▶ **ACTIVITY**
From the line with "CREMA ALISADORA LAMINADO 1000 ml" to the line with "Book of Spells Flower Vase", retype each line exactly as it stands in the records below, but skip the pictures.

(Beginning of INPUT FOR THIS TASK)

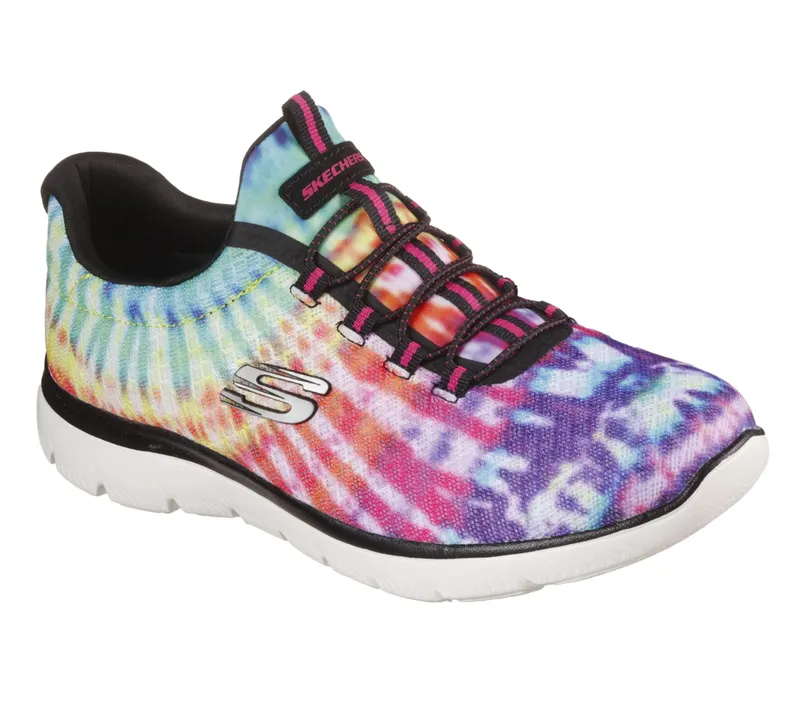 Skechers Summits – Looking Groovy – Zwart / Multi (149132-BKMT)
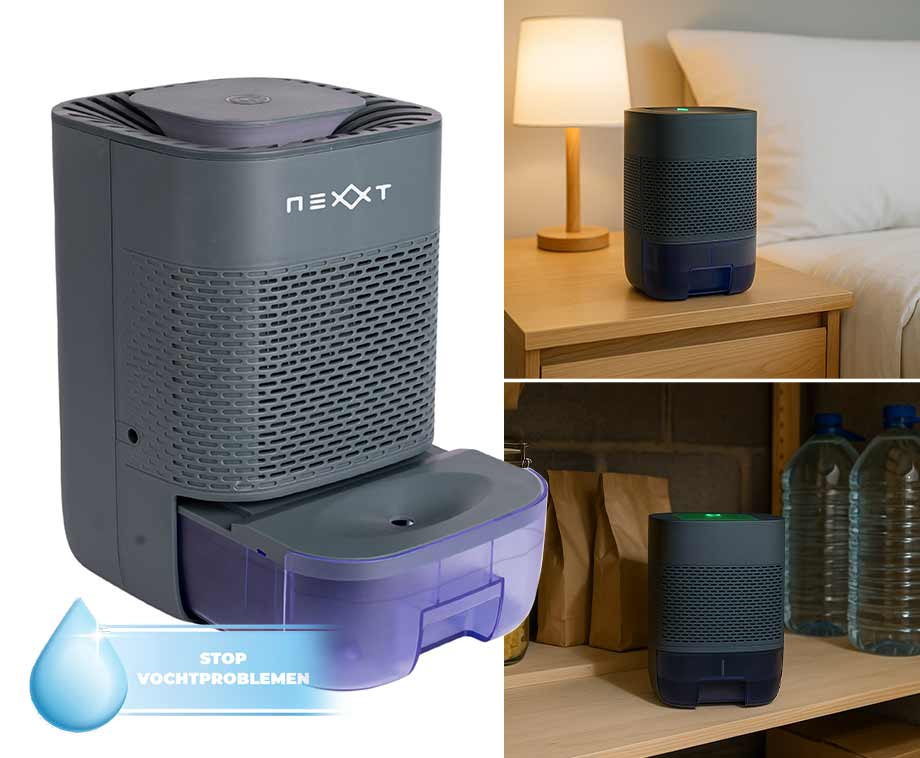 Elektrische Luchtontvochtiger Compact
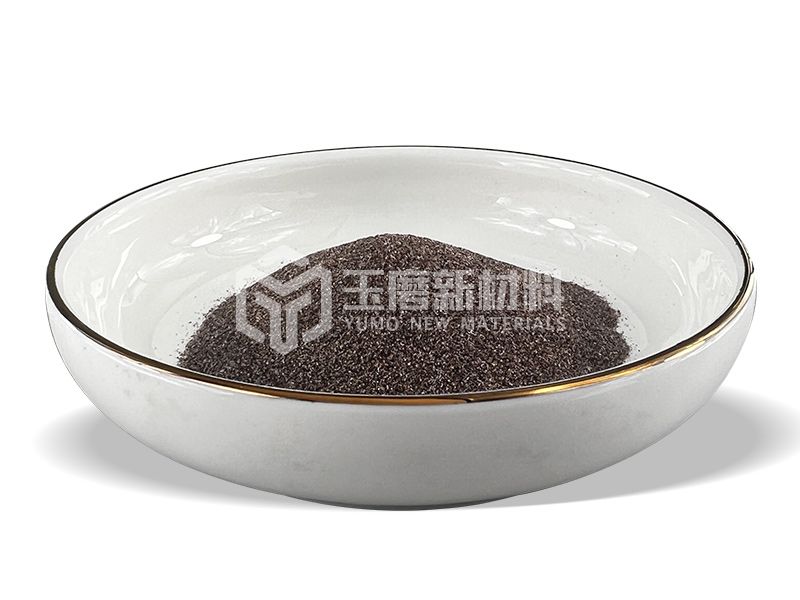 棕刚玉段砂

(End of INPUT FOR THIS TASK)
(Beginning of INPUT FOR THIS TASK)

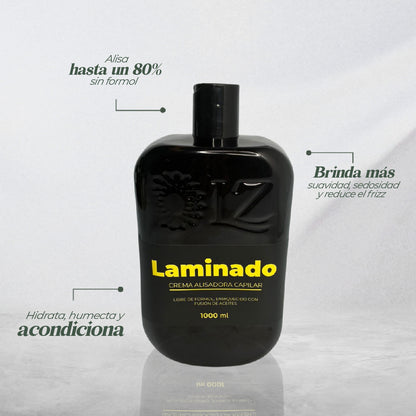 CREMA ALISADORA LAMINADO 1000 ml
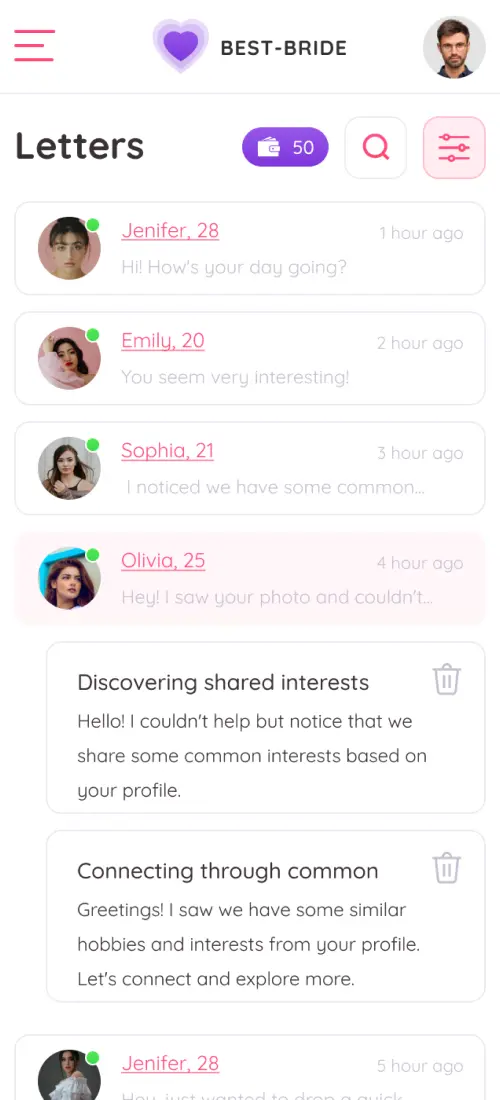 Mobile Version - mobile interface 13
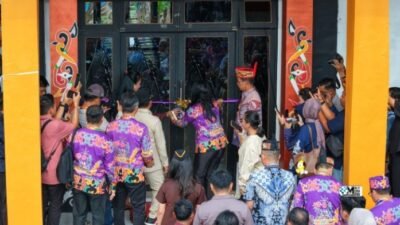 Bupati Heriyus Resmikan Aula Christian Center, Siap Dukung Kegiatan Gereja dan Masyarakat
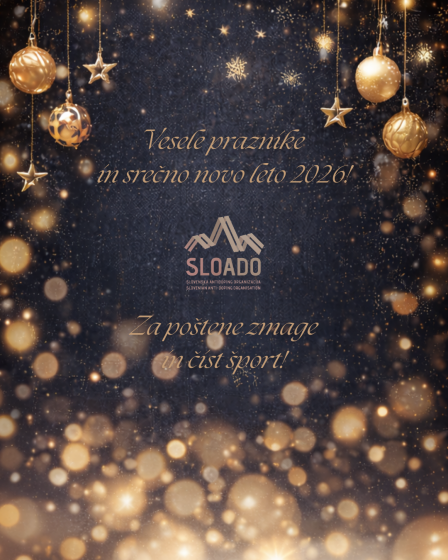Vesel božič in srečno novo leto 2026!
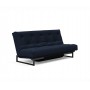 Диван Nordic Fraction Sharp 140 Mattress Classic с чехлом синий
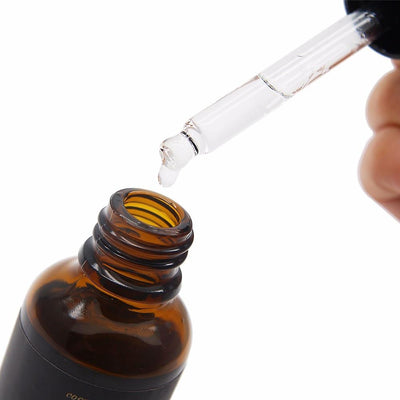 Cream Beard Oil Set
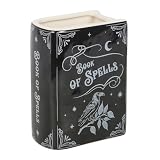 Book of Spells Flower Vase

(End of INPUT FOR THIS TASK)

▶ **ANSWER SPACE**
 CREMA ALISADORA LAMINADO 1000 ml
 Mobile Version - mobile interface 13
 Bupati Heriyus Resmikan Aula Christian Center, Siap Dukung Kegiatan Gereja dan Masyarakat
Vesel božič in srečno novo leto 2026!
 Диван Nordic Fraction Sharp 140 Mattress Classic с чехлом синий
 Cream Beard Oil Set
 Book of Spells Flower Vase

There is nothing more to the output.